Avez-vous des craintes concernant les difficultés que peuvent ou pourront rencontrer vos enfants ?
À l’heure actuelle, je n’ai pas de crainte directe concernant mes enfants car je les suis de près. Je m’intéresse à leur scolarité. Je pense que c’est indispensable si on ne veut pas qu’ils ratent leur vie. Cependant, l’ambiance générale de la société s’est grandement tendue. Il y a un phénomène de distanciation chez les gens. L’actualité joue sur les représentations des gens, ce qui risque d’avoir de graves conséquences sur nos enfants et la manière dont ils sont traités. Déjà à mon encontre je sens que certaines personnes sont distantes, j’ai même l’impression qu’elles me snobent parfois. Moi-même, en tant qu’enfant issu de l’immigration et de confession musulmane, je m’inquiète pour le traitement qui nous est réservé. Je me dis que si c’est déjà difficile pour moi en tant qu’adulte de résister face à ce genre de comportement, j’ai de fortes raisons de m’inquiéter pour mes enfants.

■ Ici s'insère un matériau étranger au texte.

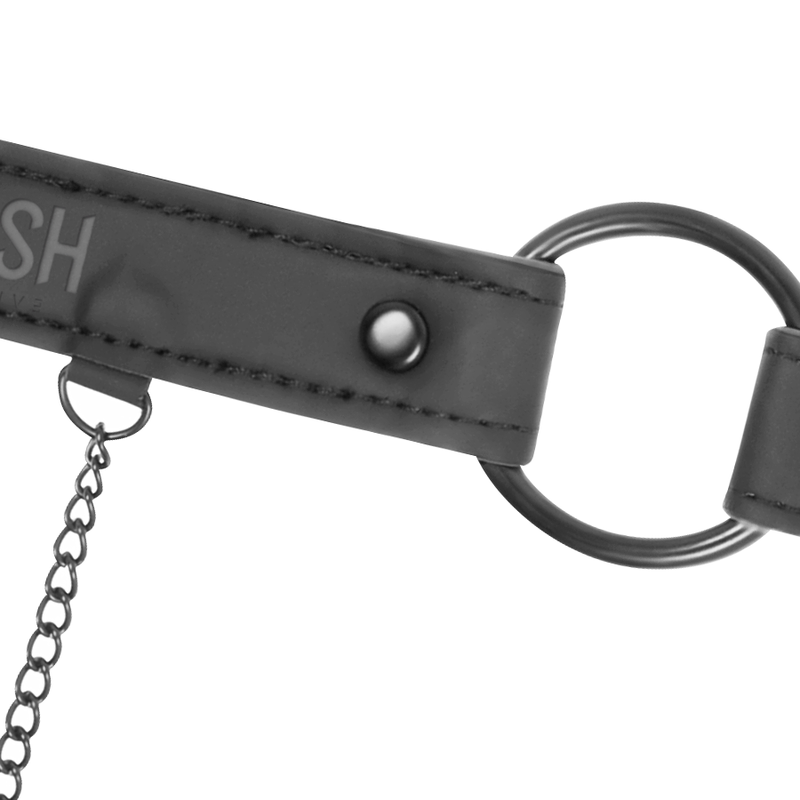 FETISH SUBMISSIVE -  GAG AD ANELLO CON MORSETTI PER CAPEZZOLI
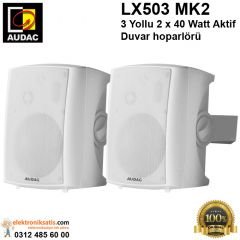 AUDAC LX503 MK2 3 Yollu 2x40 Watt Beyaz Aktif Duvar hoparlörü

Je serais triste que cela se reproduise ou s’aggrave envers mes enfants. Être père, c’est savoir gérer et protéger tant que faire se peut le cocon familial tout en assumant les problèmes qui arrivent, tant à l’intérieur qu’à l’extérieur.
Au niveau de l’éducation comment vous y prenez-vous lorsque vous souhaitez faire passer un message ?
Discuter, leur faire la morale de manière intelligente et très sérieuse quitte à augmenter le ton de sa voix. Parfois, il suffit simplement de confisquer la console, de leur expliquer pourquoi et de la rendre quand leurs comportements s’améliorent.
En quoi l’éducation faite par un père est importante pour vous ?
La première personne qui bénéficie de l’éducation c’est l’enfant. Il faut savoir aussi restituer les valeurs que nous avons reçues tout en ajoutant celles qu’on souhaite transmettre. Parfois, il est nécessaire de se documenter, de faire de recherche ou de demander de l’aide à un ami ou autre. Cela m’est déjà arrivé. Je possède d’ailleurs un livre sur certains conseils d’éducation et je l’utilise de temps en temps. Je n’ai plus son titre en tête mais ce bouquin m’a beaucoup aidé car pour moi cela me semble important de tout faire pour leur offrir une bonne éducation.
Merci à vous Monsieur Msaouri pour ce témoignage qui, j’en suis certain sera instructif pour énormément de nos lecteurs. Je trouve réellement important que par ce témoignage nous puissions donner une place à la parole d‘un père de famille. Grâce à cette interview, nos lecteurs pourront découvrir les expériences, qu’il s’agisse de bonheur ou d’inquiétude que peuvent parfois vivre les pères au 21ième siècle.